Hmm, actually on Haswell,
pminuw
can run on p1/p5. (and the load part on p2/p3)pcmpgtw
can run on p1/p5vpblendvb
is 2 uops for p5.padduw
can run on p1/p5movdqa reg,reg
can run on p0/p1/p5 (and may not need an execution unit at all). Unrolling should get rid of any overhead for minCosts = newMinCosts
, since the compiler can just end up with newMinCosts
from the last unrolled loop body in the right register for the first loop body of the next iteration.sub
/ jge
(loop counter) can run on p6. (using PTEST
+ jcc
on dvec would be slower). add
/sub
can run on p0/p1/p5/p6 when not fused with a jcc
.Ok, so actually the loop will take 2.5 cycles per iteration, limited by instructions that can only run on p1/p5. Unrolling by 2 or 4 will reduce the loop / movdqa
overhead.
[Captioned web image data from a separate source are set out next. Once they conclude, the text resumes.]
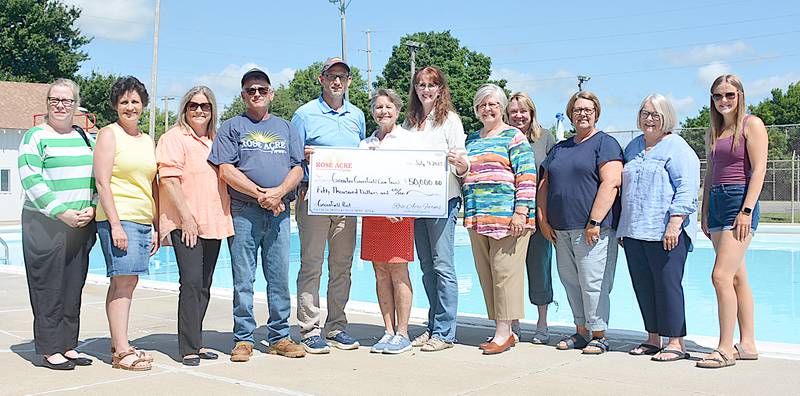 Representatives of the City of Greenfield, Greater Greenfield Community Foundation and the two committees working with the pool received a $50,000 donation, directed toward GGCF for improvements to or replacement of the pool.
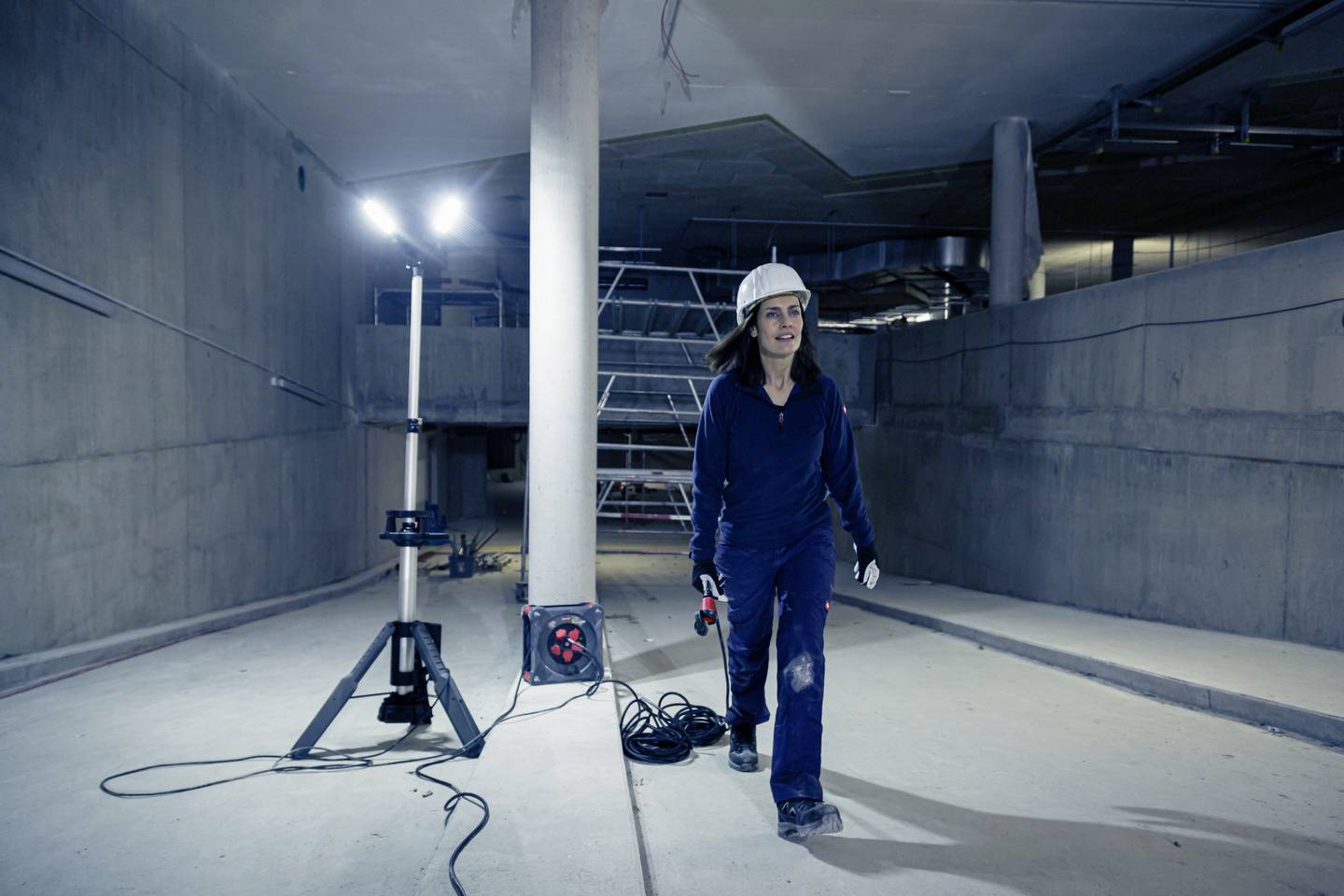 A person wearing protective clothing and a hard hat walks through a construction site with concrete walls, illuminated by a work light. Scaffolding can be seen in the background.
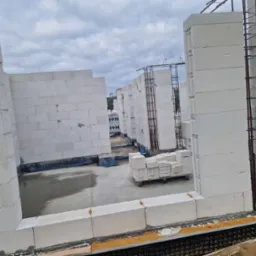 Wnętrze surowego budynku z betonu komórkowego w trakcie budowy. Widoczne ściany, zbrojenia, wózek z bloczkami i mokra posadzka.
Since Haswell can issue 4 uops per clock, it can then more efficiently queue up uops for out-of-order execution, since the loop won't have a super-high number of iterations. (48 was your example.) Having lots of uops queued up will give the CPU something to do after leaving the loop, and hide any latencies from cache misses, etc.
_mm256_min_epu16
(PMINUW
) is another loop-carried dependency chain. Using it with a memory operand makes it a 3 or 4-cycle latency. However, the load part of the instruction can start as soon as the address is known, so folding a load into a modify op to take advantage of micro-fusion doesn't make dep chains any longer or shorter than using a separate load.
Sometimes you need to use a separate load, for unaligned data (AVX removed the alignment requirement for memory operands). We're limited more by execution units than the 4 uop / clock issue limit, so it's probably fine to use a dedicated load instruction.